- **WORK REQUIRED**: Copy out precisely the lines of the material that follows, beginning with the line containing "Retro beach tents" and ending with its last line; exclude pictures.

- **DATA TO USE**:

● ● ● ● ● ● ●

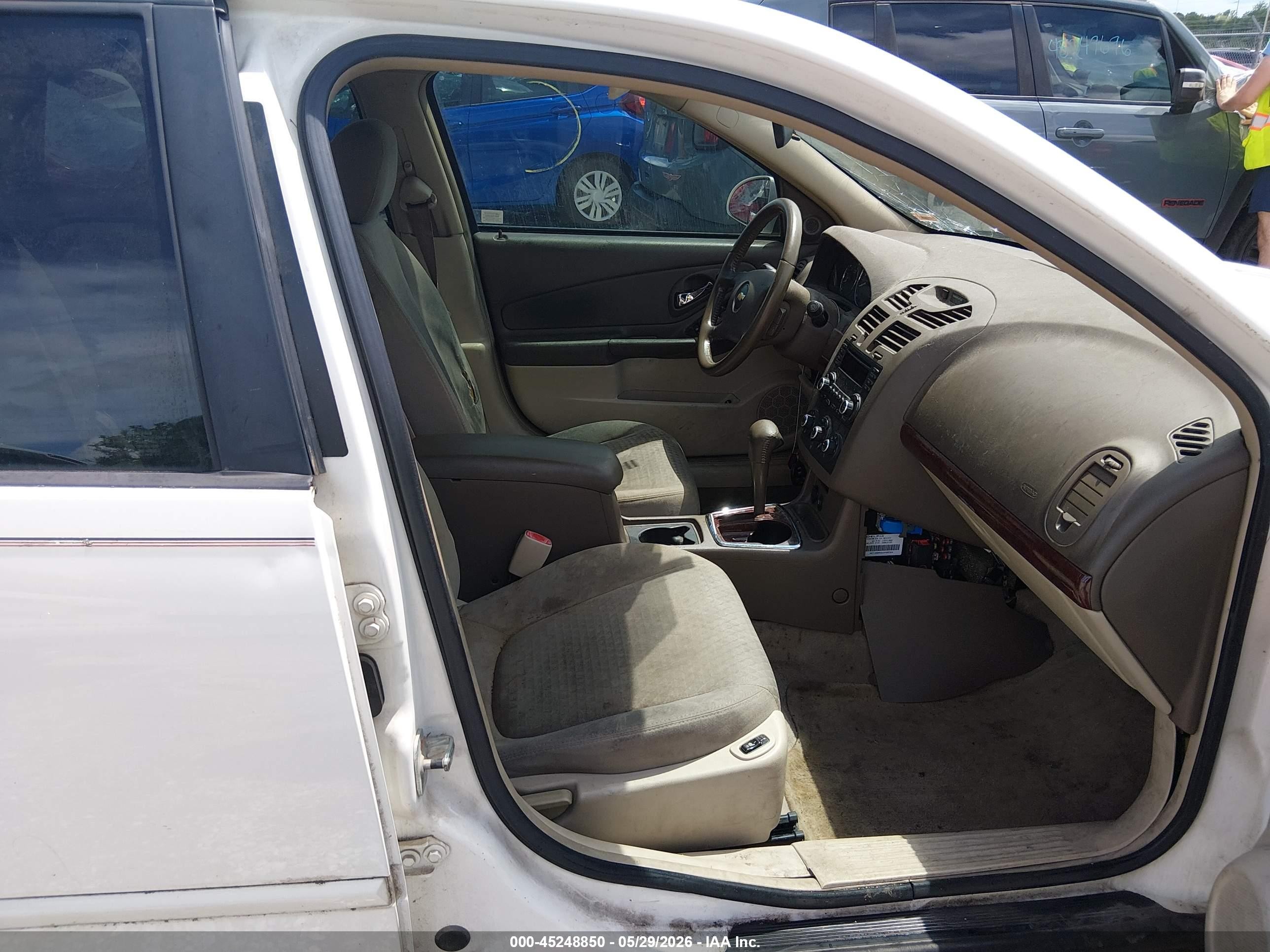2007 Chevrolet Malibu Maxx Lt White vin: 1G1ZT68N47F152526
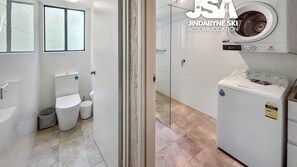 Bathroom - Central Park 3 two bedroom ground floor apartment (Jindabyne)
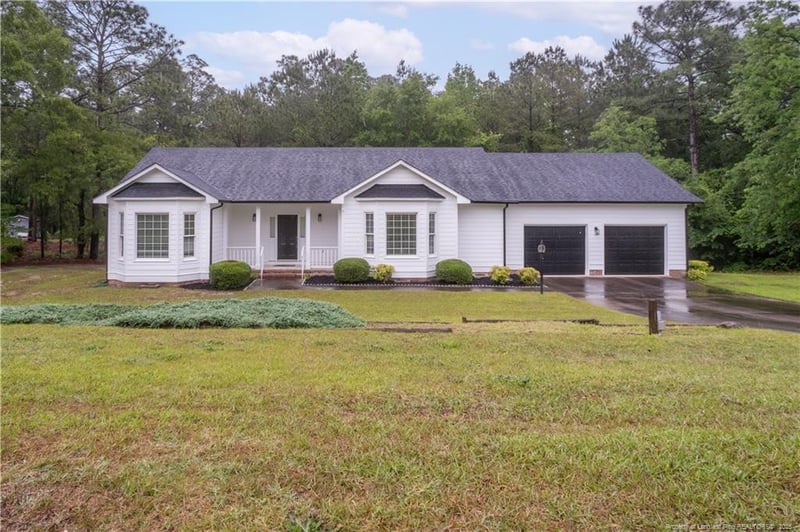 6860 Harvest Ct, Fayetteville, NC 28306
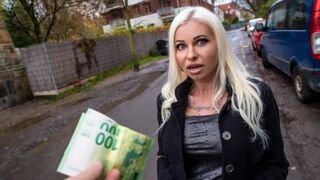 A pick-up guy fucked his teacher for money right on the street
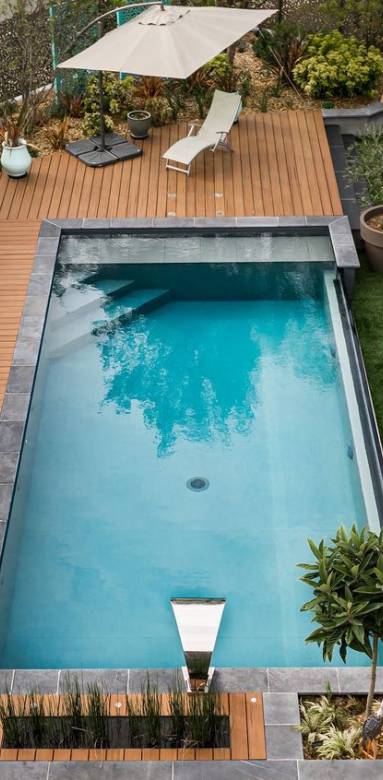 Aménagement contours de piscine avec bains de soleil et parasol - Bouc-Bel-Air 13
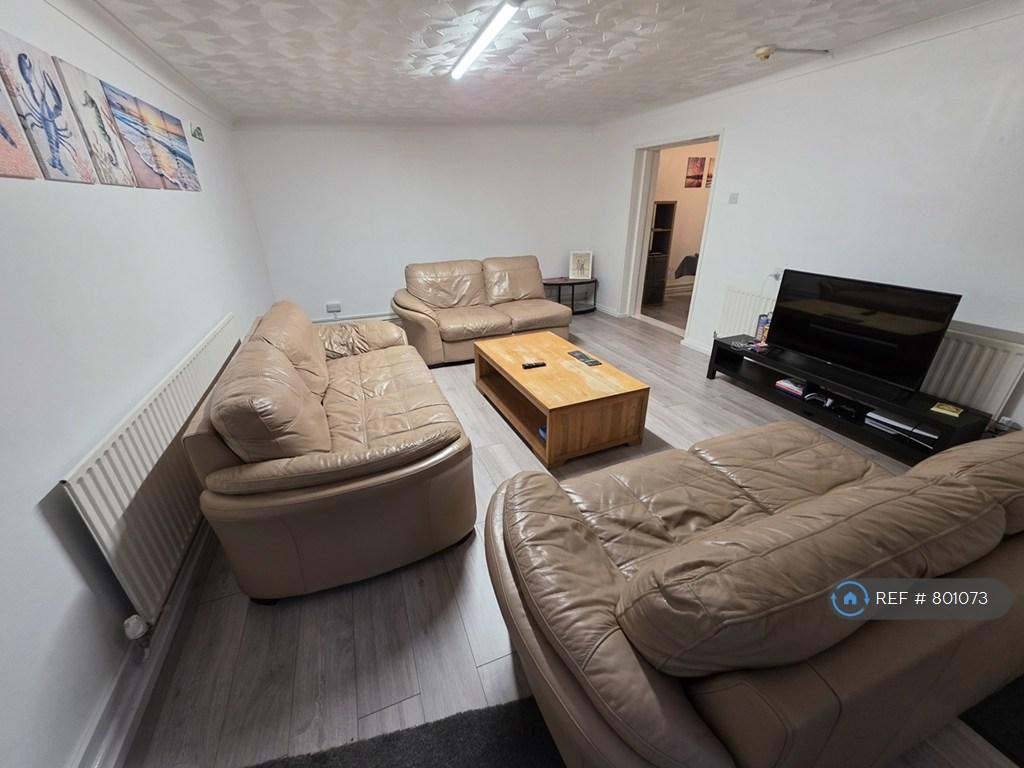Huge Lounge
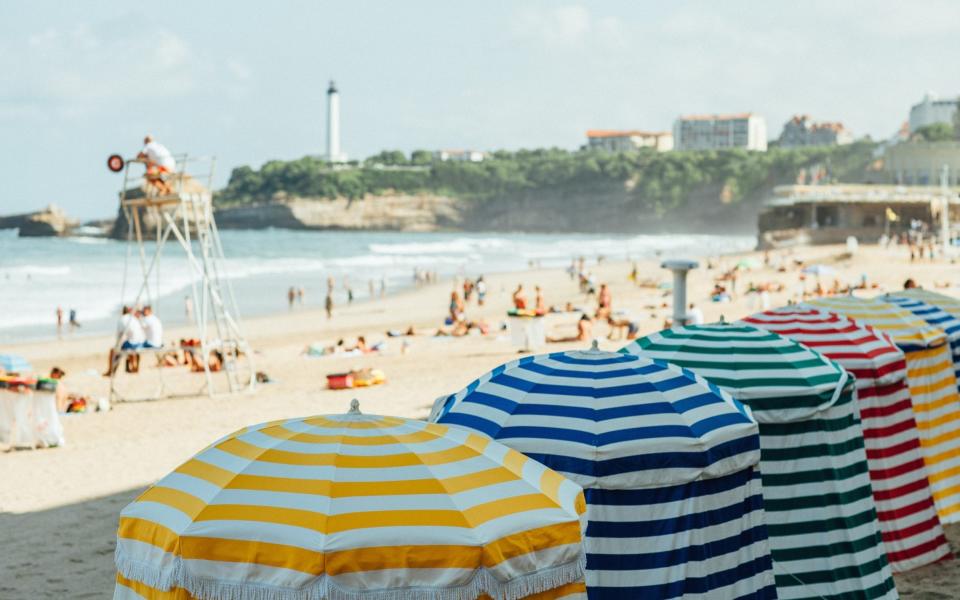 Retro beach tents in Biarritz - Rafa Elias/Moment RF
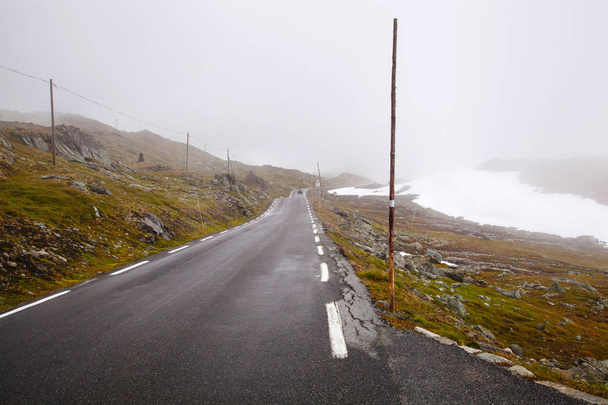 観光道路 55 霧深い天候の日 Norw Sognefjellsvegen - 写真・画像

● ● ● ● ● ● ●

- **RESPONSE FOR THIS EXERCISE**:
 Retro beach tents in Biarritz - Rafa Elias/Moment RF
 観光道路 55 霧深い天候の日 Norw Sognefjellsvegen - 写真・画像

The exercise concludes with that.